### EXERCISE MATERIALS ###

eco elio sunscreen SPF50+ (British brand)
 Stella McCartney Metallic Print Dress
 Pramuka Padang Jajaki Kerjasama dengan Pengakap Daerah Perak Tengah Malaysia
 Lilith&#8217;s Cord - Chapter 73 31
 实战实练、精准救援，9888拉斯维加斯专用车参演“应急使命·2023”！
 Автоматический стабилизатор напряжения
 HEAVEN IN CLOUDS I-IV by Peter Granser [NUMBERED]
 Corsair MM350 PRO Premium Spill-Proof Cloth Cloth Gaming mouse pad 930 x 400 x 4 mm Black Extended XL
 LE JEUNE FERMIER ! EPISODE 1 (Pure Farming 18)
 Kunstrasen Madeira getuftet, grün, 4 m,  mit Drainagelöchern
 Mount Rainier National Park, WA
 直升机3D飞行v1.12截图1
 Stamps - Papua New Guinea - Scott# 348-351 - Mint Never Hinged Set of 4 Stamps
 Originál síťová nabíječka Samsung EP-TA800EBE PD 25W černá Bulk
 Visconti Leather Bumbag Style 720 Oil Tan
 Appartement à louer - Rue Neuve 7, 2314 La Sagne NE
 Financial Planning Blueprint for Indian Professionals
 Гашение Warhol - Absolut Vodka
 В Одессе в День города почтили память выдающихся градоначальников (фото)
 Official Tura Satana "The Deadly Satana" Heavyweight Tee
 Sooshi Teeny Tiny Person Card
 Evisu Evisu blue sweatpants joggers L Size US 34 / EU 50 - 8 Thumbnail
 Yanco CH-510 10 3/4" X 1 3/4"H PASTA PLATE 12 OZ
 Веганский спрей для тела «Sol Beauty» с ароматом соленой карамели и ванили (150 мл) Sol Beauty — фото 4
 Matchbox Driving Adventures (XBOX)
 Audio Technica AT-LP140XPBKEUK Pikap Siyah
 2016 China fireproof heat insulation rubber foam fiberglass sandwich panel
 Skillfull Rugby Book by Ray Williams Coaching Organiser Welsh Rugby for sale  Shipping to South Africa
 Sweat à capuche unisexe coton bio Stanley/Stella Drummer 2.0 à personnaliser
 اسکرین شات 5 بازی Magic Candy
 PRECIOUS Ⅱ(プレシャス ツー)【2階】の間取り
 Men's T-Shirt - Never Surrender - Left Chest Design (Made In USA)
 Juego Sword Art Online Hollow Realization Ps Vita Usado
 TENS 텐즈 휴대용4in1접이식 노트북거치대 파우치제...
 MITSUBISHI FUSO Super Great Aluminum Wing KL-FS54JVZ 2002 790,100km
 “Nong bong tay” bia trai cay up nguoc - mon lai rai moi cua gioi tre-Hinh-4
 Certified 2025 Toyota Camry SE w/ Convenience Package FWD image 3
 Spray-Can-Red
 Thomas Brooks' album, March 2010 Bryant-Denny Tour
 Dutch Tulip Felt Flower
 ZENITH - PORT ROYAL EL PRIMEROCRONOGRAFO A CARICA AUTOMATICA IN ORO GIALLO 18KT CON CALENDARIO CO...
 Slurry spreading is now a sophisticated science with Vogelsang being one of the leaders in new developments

###

> THE TASK:
Wherever the string "Never" appears in a line of the records above, copy that line.

> ANSWER BOX:
 Stamps - Papua New Guinea - Scott# 348-351 - Mint Never Hinged Set of 4 Stamps
 Men's T-Shirt - Never Surrender - Left Chest Design (Made In USA)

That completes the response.